» **What needs to be done**: Of the material below, the lines to be retyped are those from the line containing "Bedroom with access" through the line containing "a swimming pool", inclusive; reproduce them exactly.

» **Records to process**:
*** Block opens ***

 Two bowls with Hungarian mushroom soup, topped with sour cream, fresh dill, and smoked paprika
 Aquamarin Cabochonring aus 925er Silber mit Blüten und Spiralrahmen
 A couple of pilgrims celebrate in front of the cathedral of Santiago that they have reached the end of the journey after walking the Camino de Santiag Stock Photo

*** Block closes ***
*** Block opens ***

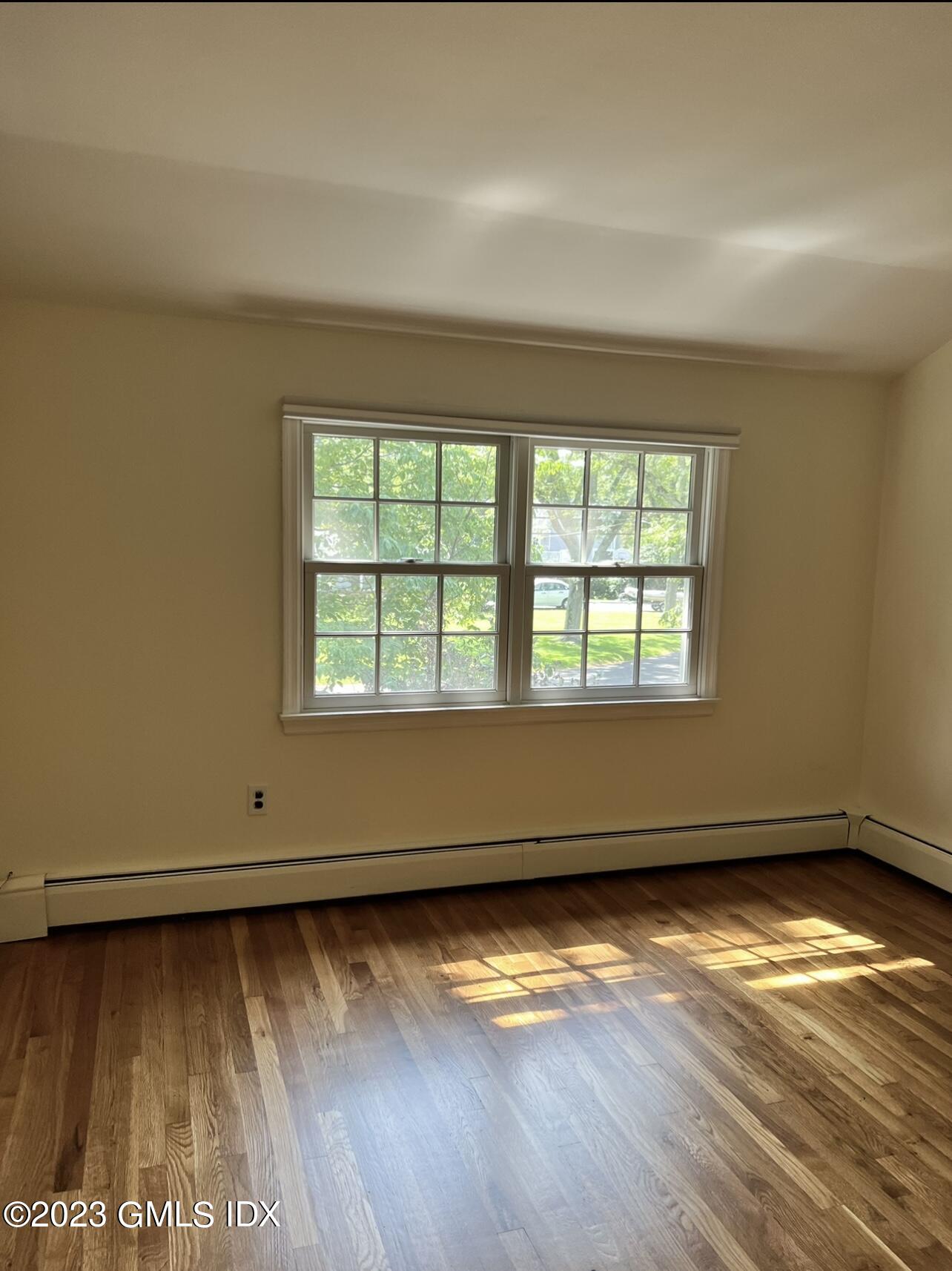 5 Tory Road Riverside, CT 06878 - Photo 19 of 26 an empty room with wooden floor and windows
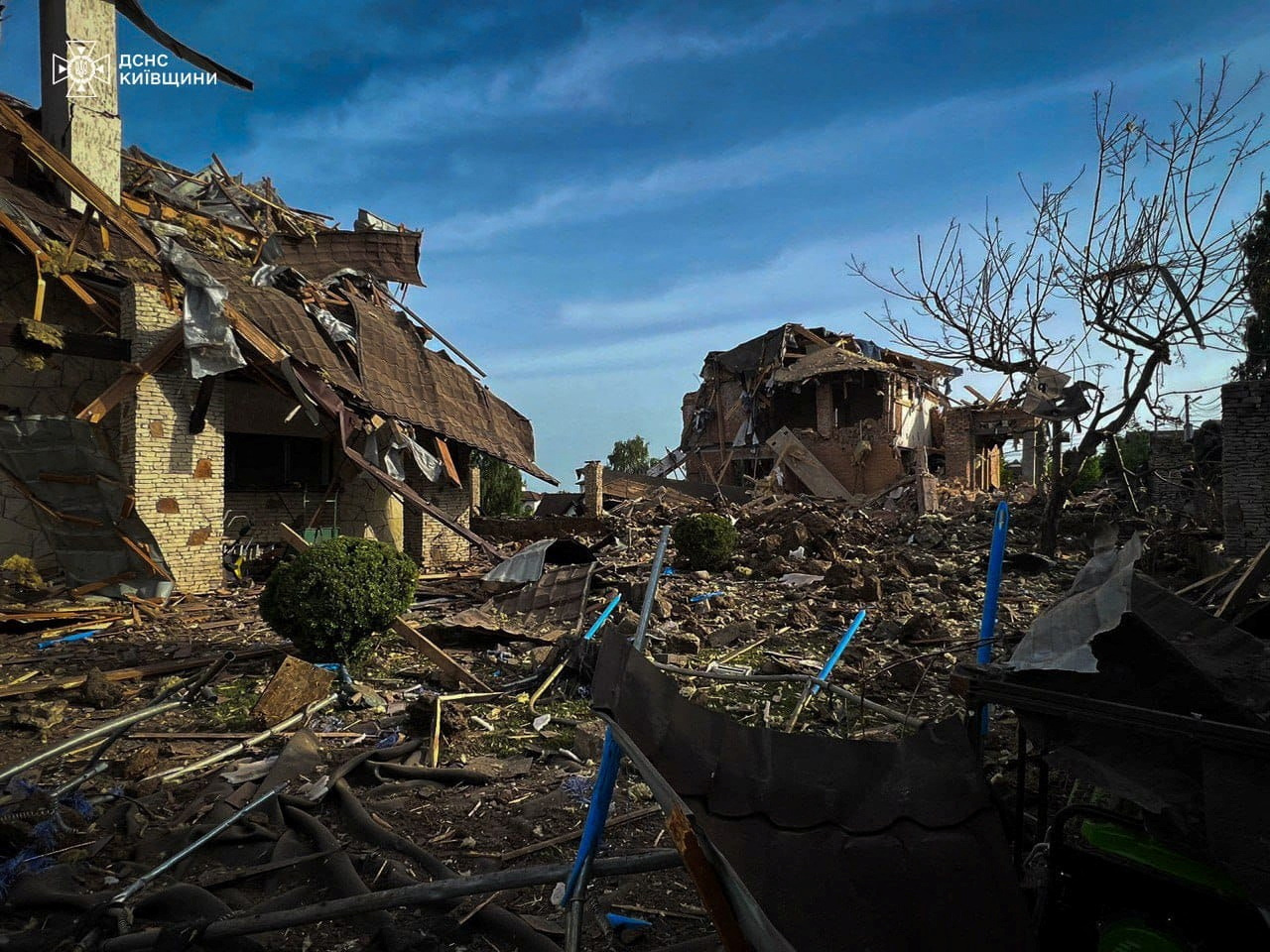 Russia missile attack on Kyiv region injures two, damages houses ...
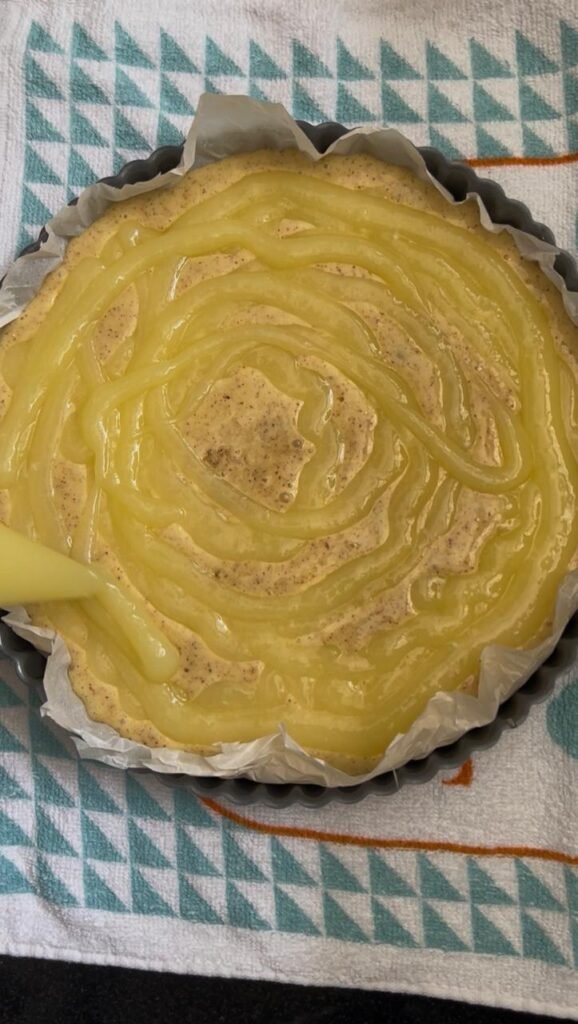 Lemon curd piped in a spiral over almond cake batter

*** Block closes ***
*** Block opens ***

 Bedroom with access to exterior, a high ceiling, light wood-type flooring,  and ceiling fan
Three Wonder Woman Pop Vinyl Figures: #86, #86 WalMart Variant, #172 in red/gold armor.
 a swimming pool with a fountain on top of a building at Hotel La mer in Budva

*** Block closes ***

» **Result of this task**:
 Bedroom with access to exterior, a high ceiling, light wood-type flooring,  and ceiling fan
Three Wonder Woman Pop Vinyl Figures: #86, #86 WalMart Variant, #172 in red/gold armor.
 a swimming pool with a fountain on top of a building at Hotel La mer in Budva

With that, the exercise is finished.